第59話 幼少期のエルヴィット

「ガイ……ヤン……。玖聖会……」


 うわさレベルで聞いたことはあった。〈アドヴィック〉が最近、どこかの組織の傘下に入ったと。その組織は他にもいくつかの別組織を吸収していると。


「どうやら頭はわるくないらしい。あんまり貴族らしくねぇなぁ? 貴族の女と言えば、チヤホヤされて若いうちに結婚相手を決め、そのまま家に入る。そんなもんだろ?」


「そういう人もいるでしょうけど。聖竜国でそこまで余裕がある女性はすくないですよ」


「だがお前は青竜公の娘だ。

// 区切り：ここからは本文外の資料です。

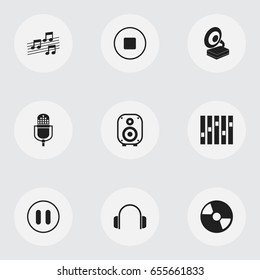 Set Of 9 Editable Music Icons. Includes Symbols Such As Stop, Microphone, Equalizer And More. Can Be Used For Web, Mobile, UI And Infographic Design.
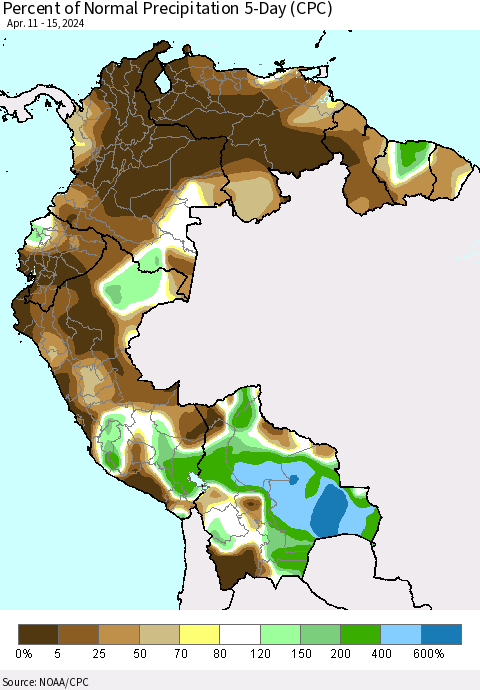 Northern South America Percent of Normal Precipitation 5-Day (CPC) Thematic Map For 4/11/2024 - 4/15/2024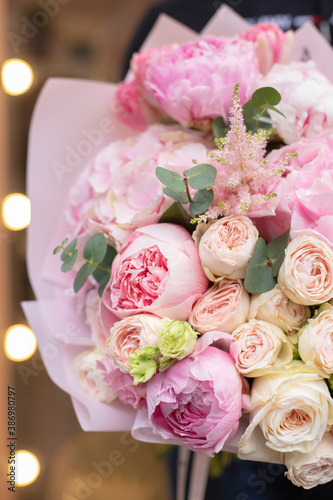 Flower composition. Macro photo. Wedding decor. A Beautiful bouquet of fresh flowers.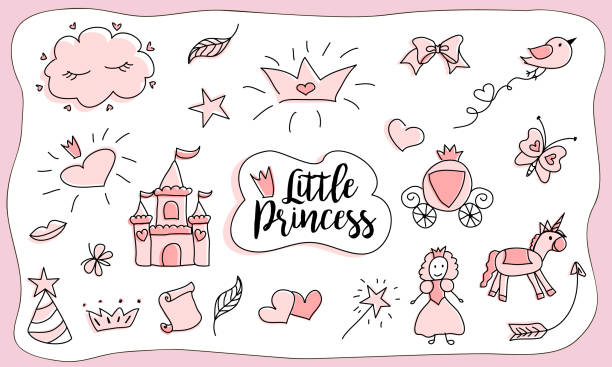 Children's drawings. Little Princess. Set of doodle illustration, hand drawn. Sketch design for cute party (baby shower, girl birthday) isolated on white background. Pink with black outlines. Love little cute cartoon fantasy unicorn stock illustrations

その余裕ある女の1人だろう?」


「………………」


 ちがう……とは言えない。まちがいではないが、しかしエルヴィットにはそのような人生は約束されていなかった。


「紫竜公はわたしをさらって、どうするというのです……?」


「あん? 俺は紫竜公なんて奴は知らねぇ。お前をさらったのは他の理由からだ」


 うそだ……と、エルヴィットは直感的に感じ取った。しかし紫竜公の関与を示す証拠はなにもない。


「いろいろ考えるのもいいがよ。すこしでも魔力を使う予兆を見せたら、遠慮なくその身体に言うことをきかせるように教育するからな?」


「まぁ……困りましたわね」


 会話を続けながらも、エルヴィットは自分の死を覚悟しはじめていた。


 なにか狙いがあって自分がさらわれたのは間違いない。まだ相手の狙いは見えないが、それを確実に潰す方法がある。

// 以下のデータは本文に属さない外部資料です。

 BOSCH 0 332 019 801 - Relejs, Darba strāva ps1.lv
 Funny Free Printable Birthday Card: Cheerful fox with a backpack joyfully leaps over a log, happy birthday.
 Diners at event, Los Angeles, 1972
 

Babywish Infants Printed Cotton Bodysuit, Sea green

 それはエルヴィットが死ぬことだ。目の前の男はエルヴィットを殺すことなく、わざわざだれも助けのこないこの場所まで連れてきた。


 はじめから自分の命が狙いであったなら、さらわなくてもいくらでもその機会があったはずなのだ。


 手間暇かけてまで生かしておきたい理由がある。そしてそれは相手を利することに繋がる。


 ではここで自分が死ねばどうなるか。計画の全容は見えないが、大きく瓦解させられる可能性は大きい。


(家はゼルトがいますし……。これも運命、でしょうか)


 もともとエルヴィットは自分の生に対して大きな執着がない。幼い頃に母を亡くし、エルヴィットは屋敷の中でも腫れ物のように扱われて育っていた。


 それというのも、エルヴィットになかなか魔力が発現しなかったからだ。本当に青竜公の娘なのか。そう陰口をたたかれることもあった。


 だがイジメにあっていたわけではない。父も明るく接してくる性格ではないが、食事を一緒にすることもあった。


 ただ青竜公の娘でありながら魔力がないエルヴィットに対してどう接したらいいのか、誰もがはかりかねていたのだ。


 そんな彼女は、日中は本を読んで過ごすことが多かった。他にすることがなかったから……という理由が大きかったが、とくに選り好みせずに本に目を通していった。


 歴史、空想劇、数学書、古語。本当にジャンルはさまざまだ。その中でもおとぎ話に出てくる大国の将軍グランバルクの話はとくに好きだった。


 いつしかエルヴィットは、魔力はないものの幼いながらに頭がいい少女としてうわさされるようになっていた。


 青竜公はそんな彼女を見て、将来は国の魔道具研究機関で働かせようかと考えた。


 そしてある日。青竜公は幼いエルヴィットに研究所の見学をさせるようにと手配をする。すこしでも興味を持ってくれたらいいだろう……それくらいの気持ちだった。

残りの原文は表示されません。